Step-by-Step Walkthrough
Don't know where to get started building a custom syntax language? This walkthrough is the perfect place to go because it gives the steps that should be followed, along with links to many other helpful topics in this documentation.
This walkthrough gives you a sequence of concepts to understand when working with syntax languages. Each section in the walkthrough provides a brief overview along with links to other documentation topics that give detailed information about the related subject.
Tip
The Sample Browser application included with our installer includes a series of Getting Started QuickStarts for building a custom language with full source code and a working sample for each step.
Understanding Language Concepts
A syntax language is an object implementing ISyntaxLanguage that can be assigned to an ICodeDocument to provide language-specific functionality for the document. This functionality can be anything from word-break finding to lexing/parsing, all available via registered services. Multiple syntax languages can be created so that different documents can each receive different functionality.
For instance, the C# language uses different word-break and tokenizing rules than the CSS language does. By having different syntax languages defined for C# and CSS, different functionality can be applied to a document based on the language it currently is using.
- The Syntax Languages topic talks at a high-level about syntax languages and what they do.
- The Service Locator Architecture topic talks in-depth about the service locator architecture utilized by syntax languages and how it provides an open and extensible framework for plugging in language features. It also describes the available built-in service types. We will get more into implementing services later in this topic.

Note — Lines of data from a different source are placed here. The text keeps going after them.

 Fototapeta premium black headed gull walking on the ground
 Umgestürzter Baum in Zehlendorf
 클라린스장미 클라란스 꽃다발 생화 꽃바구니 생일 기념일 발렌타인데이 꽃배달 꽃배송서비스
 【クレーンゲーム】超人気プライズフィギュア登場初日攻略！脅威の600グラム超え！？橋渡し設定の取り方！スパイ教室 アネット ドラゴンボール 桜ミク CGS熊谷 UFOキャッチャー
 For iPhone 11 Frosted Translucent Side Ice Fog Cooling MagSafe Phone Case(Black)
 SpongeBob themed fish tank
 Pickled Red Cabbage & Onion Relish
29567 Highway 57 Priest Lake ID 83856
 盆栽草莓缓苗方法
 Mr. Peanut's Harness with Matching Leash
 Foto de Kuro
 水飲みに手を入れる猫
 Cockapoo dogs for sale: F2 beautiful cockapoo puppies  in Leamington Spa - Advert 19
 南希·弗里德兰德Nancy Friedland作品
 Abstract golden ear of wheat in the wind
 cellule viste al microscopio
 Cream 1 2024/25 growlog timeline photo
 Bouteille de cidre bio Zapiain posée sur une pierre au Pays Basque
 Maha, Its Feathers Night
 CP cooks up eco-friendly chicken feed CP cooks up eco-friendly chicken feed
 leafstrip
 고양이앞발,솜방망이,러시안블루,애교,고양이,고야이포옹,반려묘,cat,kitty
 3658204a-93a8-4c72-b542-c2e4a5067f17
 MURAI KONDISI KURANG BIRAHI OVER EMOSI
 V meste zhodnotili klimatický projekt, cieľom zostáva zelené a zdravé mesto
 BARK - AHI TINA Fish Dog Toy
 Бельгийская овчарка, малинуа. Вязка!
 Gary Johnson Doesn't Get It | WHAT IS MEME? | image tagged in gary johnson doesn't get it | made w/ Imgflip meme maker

- The Feature Services, Provider Services, and Event Sink Services topics give details on the various built-in service types that are available, but more on that below.
Gathering Language Specifications
Once you understand the basic concepts of what syntax languages do, it's time to think about implementing a custom syntax language for the language(s) you wish to support in your application. Syntax languages are best used in conjunction with SyntaxEditor
controls since they provide a full-featured editing experience much like what is found in Visual Studio.
A number of free syntax language samples are included in the sample project. Be sure to check those out since we may have already created a syntax language for the language you wish to support. If one is available, feel free to copy and use it in your application. You can extend or modify it using the concepts we describe below.
If no existing syntax language is available for your target language, you can create one yourself. You will need to go on the Internet and find a language specification for your language. Language specifications generally describe the lexical and semantic structure of a language. They are very important because they tell us the language's keywords, the syntax of comments, etc.
Once you have examined your language's specifications, it's time to use the Language Designer tool.
Using the Language Designer Tool
The Language Designer application was built with the goal of making it easy to get started building a language. You essentially input information about your language, and it generates code for you that can be included in your project to use your syntax language.
- Run through the entire Language Designer documentation section since it discusses the functionality of the application, what pieces of a language can be defined in a language project, how to output code, etc.
Our recommendations for using the application are to follow these steps:
- Run the application and create a new language project.
- Set the General Properties for the language.
- Create a Lexer for the language. A dynamic lexer is the fastest way to get started if you are new to the product.
- Define the classification types that will be used.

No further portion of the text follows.